Como dirá Paris: “Un hombre negro tiene que pensar dos veces antes de llamar a la policía en Watts». Y agrega: «El mejor policía que he visto fue el policía que no estaba allí”.

Y llama a Fearless.

O el gran Joe King Oliver de Down the River unto the Sea, que con el título de Traición en su traducción castellana, ganara el consagrado Premio RBA de Novela Negra de 2018, compartiendo ese Olimpo con Benjamin Black y Don Winslow, Ian Rankin, Lee Child, Michael Connelly y Andrea Camilleri.

Oliver, un policía a quien encerraron en Rikers Island —llamada la cárcel de los horrores de Nueva York— por una acusación falsa de violación, y que fue tan brutalizado que estuvo a punto de perder el juicio—, ahora es detective privado y evita las estaciones de metro de Brooklyn cerca de su oficina, porque las siente como la cárcel.

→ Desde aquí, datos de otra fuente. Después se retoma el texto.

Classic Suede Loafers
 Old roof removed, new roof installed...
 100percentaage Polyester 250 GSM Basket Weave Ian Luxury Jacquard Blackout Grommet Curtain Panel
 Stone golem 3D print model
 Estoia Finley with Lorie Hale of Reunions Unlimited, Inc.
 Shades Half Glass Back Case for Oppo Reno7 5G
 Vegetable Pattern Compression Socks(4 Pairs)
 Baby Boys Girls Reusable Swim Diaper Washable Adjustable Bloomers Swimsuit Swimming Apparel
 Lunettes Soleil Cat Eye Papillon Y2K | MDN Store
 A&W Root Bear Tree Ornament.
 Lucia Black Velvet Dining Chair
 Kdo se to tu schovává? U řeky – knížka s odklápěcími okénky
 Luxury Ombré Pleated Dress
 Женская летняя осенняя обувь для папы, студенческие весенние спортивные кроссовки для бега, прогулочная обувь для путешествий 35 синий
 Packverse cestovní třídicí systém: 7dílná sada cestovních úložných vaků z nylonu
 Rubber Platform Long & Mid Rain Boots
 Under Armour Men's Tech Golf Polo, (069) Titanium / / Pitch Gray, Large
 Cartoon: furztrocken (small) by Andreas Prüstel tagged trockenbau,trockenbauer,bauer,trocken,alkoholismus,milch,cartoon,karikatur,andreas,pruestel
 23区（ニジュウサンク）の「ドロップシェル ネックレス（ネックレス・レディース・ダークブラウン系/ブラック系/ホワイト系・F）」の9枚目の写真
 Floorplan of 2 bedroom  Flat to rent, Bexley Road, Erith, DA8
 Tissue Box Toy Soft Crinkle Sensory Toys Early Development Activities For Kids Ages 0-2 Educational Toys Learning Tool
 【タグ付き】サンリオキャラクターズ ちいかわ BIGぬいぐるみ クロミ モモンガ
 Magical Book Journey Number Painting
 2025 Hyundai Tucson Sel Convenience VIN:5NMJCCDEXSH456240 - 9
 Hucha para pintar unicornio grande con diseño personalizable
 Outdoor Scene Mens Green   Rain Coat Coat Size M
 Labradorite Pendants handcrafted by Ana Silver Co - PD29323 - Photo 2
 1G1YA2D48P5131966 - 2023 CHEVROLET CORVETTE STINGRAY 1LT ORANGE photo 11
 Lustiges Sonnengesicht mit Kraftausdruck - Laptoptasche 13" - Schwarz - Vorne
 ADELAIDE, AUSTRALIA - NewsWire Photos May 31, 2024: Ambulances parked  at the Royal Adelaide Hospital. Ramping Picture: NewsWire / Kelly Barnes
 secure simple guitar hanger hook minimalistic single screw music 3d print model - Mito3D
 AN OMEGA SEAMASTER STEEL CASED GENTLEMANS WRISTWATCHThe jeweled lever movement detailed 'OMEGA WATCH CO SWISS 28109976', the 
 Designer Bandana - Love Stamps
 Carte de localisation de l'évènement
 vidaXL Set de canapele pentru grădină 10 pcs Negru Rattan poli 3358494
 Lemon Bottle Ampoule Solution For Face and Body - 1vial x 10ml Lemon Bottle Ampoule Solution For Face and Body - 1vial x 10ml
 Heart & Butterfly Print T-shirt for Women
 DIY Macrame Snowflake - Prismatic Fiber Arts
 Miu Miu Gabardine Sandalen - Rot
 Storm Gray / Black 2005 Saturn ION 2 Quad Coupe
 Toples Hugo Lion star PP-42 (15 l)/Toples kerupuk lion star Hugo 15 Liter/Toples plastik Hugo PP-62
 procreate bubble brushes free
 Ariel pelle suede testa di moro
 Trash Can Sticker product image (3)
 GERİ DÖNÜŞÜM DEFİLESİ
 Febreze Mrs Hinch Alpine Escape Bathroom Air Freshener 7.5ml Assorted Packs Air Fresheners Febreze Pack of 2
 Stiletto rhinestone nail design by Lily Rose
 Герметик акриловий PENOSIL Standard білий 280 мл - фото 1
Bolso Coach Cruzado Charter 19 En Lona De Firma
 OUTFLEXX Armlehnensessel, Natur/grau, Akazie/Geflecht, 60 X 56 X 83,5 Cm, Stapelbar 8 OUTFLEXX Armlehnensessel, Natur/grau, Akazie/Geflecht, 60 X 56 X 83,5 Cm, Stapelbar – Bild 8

Si antes de Rikers amaba el jazz clásico de Fats Waller y Louis Armstrong, ahora que está fuera, sus gustos corren hacia los atormentados sonidos de Thelonious Monk, la nota discordante del bebop, del que el insondable y genial John Coltrane, decía, que perderle la pista en algún cambio de acorde, era “como caer por el oscuro hueco de un ascensor”.

Dedicada a Malcolm X, Medgar Evers y Martin Luther King, en Traición rige aquel concepto de Mosley de que la novela negra es una novela existencialista, pues “plantea la pregunta de qué está bien y qué está mal, qué debo hacer y qué no”. Y Joe King Oliver, un personaje único. Su nombre lo sacó Mosley de Joe «King» Oliver, el maestro de la leyenda del jazz Louis Armstrong.

La obra de Mosley abarca desde los géneros destinados a los jóvenes y los comics, hasta la ciencia ficción. Pero sus ensayos políticos —como el último, Twelve Steps Toward Political Revelation (Doce pasos hacia la revelación política) se conocen menos.

Tras recibir el Premio RBA de Novela Negra, a Mosley le preguntaron:

—¿Cómo invertir el racismo crónico de la sociedad estadounidense?

—Primero —respondió—, dejando de creer en la existencia de la raza blanca, porque no existe tal cosa. Hay españoles, vascos, catalanes, ingleses, gitanos, vikingos… Y segundo: los negros necesitan entender que la gente que se autoidentifica como blanca se equivoca. Y lo que los blancos piensan de los negros también es equivocado. Es decir: deberíamos creer en el jazz.

—¿Por qué?

—Porque es la forma de arte más sofisticada que ha producido Estados Unidos y fueron los descendientes de esclavos los que la crearon.